Seit dem Beginn des Konflikts hat die israelische Armee massive militärische Operationen im Gazastreifen durchgeführt, um die Hamas zu schwächen und die Sicherheit Israels zu gewährleisten. Gleichzeitig ist die humanitäre Lage in Gaza katastrophal, mit tausenden Toten, zerstörten Infrastrukturen und einer verzweifelten Bevölkerung.

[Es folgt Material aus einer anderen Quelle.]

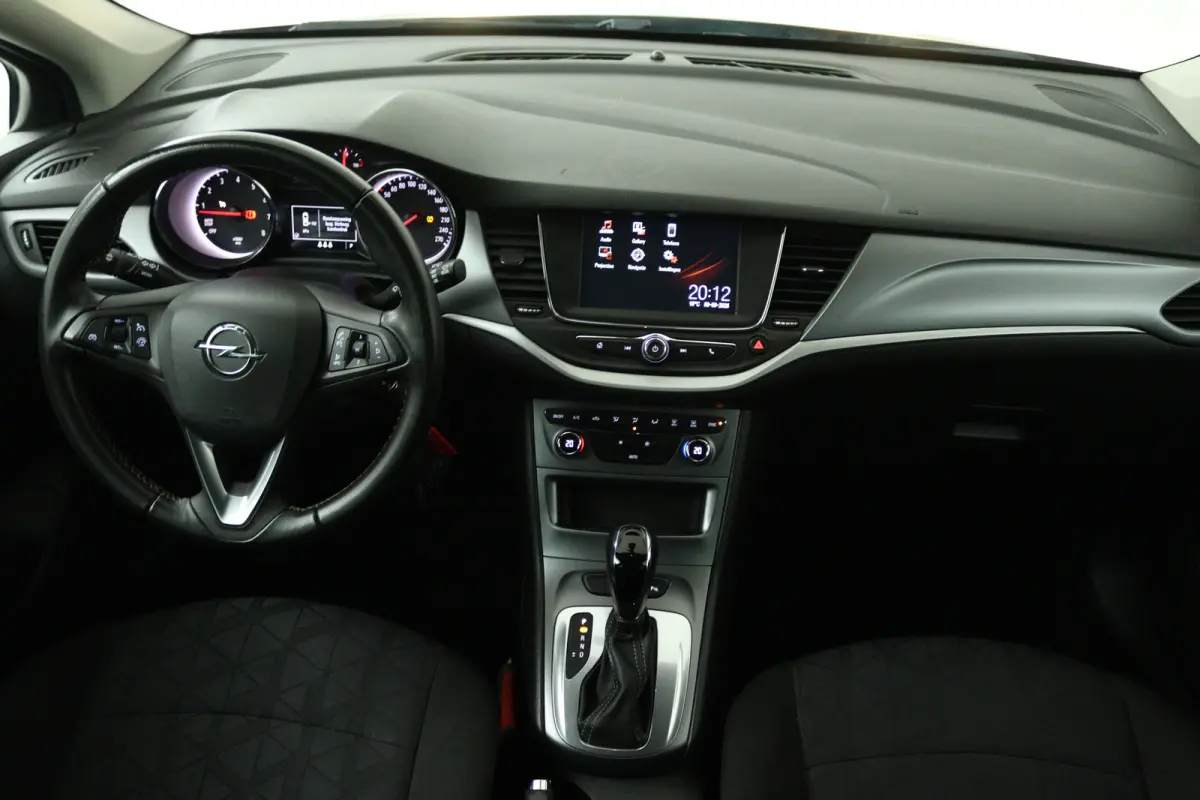 1.4 Turbo 120 Jaar Edition (NAVIGATIE, CRUISE CONTROL, PARKEERSENSOREN)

Auf internationaler Ebene hat der Krieg zu einer erneuten Debatte über die Rolle der internationalen Gemeinschaft geführt. Während einige Länder Israel in seinem Kampf gegen den Terrorismus unterstützen, fordern andere einen sofortigen Waffenstillstand und eine Rückkehr zu Verhandlungen. Die geopolitische Komplexität der Situation macht es schwierig, eine klare Lösung zu finden, und es bleibt abzuwarten, wie sich die Lage weiterentwickelt.
Ein Land in Trauer und Ungewissheit
Die Geschichte von Hersh Goldberg-Polin steht stellvertretend für das Leiden vieler Familien in Israel und auch in Gaza. Sie zeigt die tiefen emotionalen, sozialen und politischen Wunden, die dieser Konflikt hinterlässt. Während Israel weiterhin um die Freilassung der verbliebenen Geiseln kämpft und gleichzeitig versucht, die Hamas zu besiegen, bleibt die Frage offen, ob es eine Lösung geben kann, die den Schmerz und das Leid beider Seiten lindert.
Für die Gemeinschaft von Jerusalem, die Hersh Goldberg-Polin als „Kind des Lichts“ in Erinnerung behält, bleibt die Trauer tief und die Hoffnung auf Frieden fern. Doch trotz aller Dunkelheit hält ein Teil der Menschen weiterhin an ihrem Glauben fest – in der Hoffnung, dass am Ende doch noch Licht in diese dunkle Zeit kommen möge.